Co-parenting often creates tension and stress.
We have to remember that when disagreements arise, it’s important to keep them out of range of children’s ears. Adult issues need to be confined to adults.
It’s OK to ask the children how they feel about a particular issue (visitation, event, etc.) but the negotiating and scheduling should be done by the adults.
Stepchildren are unnaturally pulled between two homes with parents they love in both homes. Asking them to make a choice or take sides with one home over another creates hurt.
This is not a game of Tug of War with the children as the rope!
Strained co-parenting gives us an opportunity to practice the gifts of the Spirit as defined in Galatians 5:22-23: “…love, joy, peace, patience, kindness, goodness, faithfulness, gentleness, and self-control.”
I know it’s not easy but as our children watch us (and they are watching!) model kindness and goodness or patience and self-control in the midst of rude or unkind behavior, they learn the value of asserting these qualities in their own lives.
And we gain the satisfaction of knowing we did the right thing, even when it wasn’t easy.
Have you been caught in the middle?
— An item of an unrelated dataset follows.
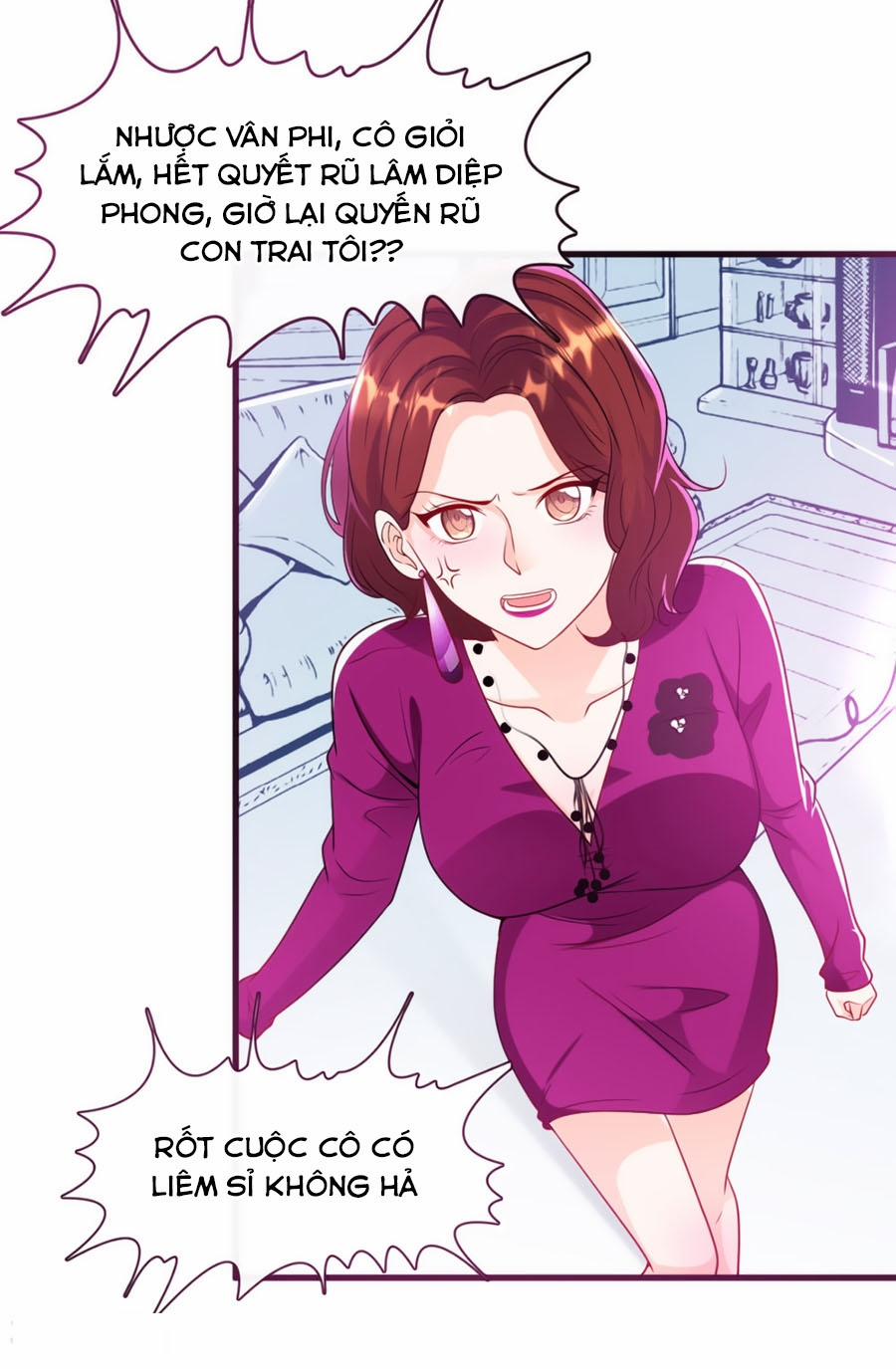 Tổng Tài Daddy Đuổi Tới Nơi Rồi 66 trang 11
What steps did you take (or wish you’d taken) to remedy the situation?
God is so good! I became a stepmom of a now-10-year-old boy when I married my dear husband 4+ years ago.
My first marriage was to an abusive man who God knew should not have children. I was delivered from that situation, miraculously, after nearly 20 years. Due to health issues (blessings in disguise), I had a hysterectomy right around the time I was introduced to my now-hubby.
I don’t know if it was because we were 40 yrs old when we met, or if God had just been working on our characters for 40 years, but we get along so well with my stepson’s mother that I just had an image of our family (hubby, stepson, me, and his mom) tattooed on my wrist. And God had to work that relationship out, because who wants to be friends with a person who rejected your beloved, once upon a time?
Because it is better for my/our son, his mom and I communicate frequently and comfortably. We sit together at his baseball games. Yes, there are times when I disagree with her parenting choices and life choices. But ONLY God could create this stepfamily- ALL to His glory!
Thank you for your comment, Jenn. What a beautiful story! To God be the glory! That is truly amazing that you had your family tattooed on your wrist with your stepson’s mom. I love hearing co-parenting stories like yours. I know you’re a blessing to your stepson! Thank you for sharing your story. ~Gayla
Thanks, Gayla! I know how rare it is and how blessed I am!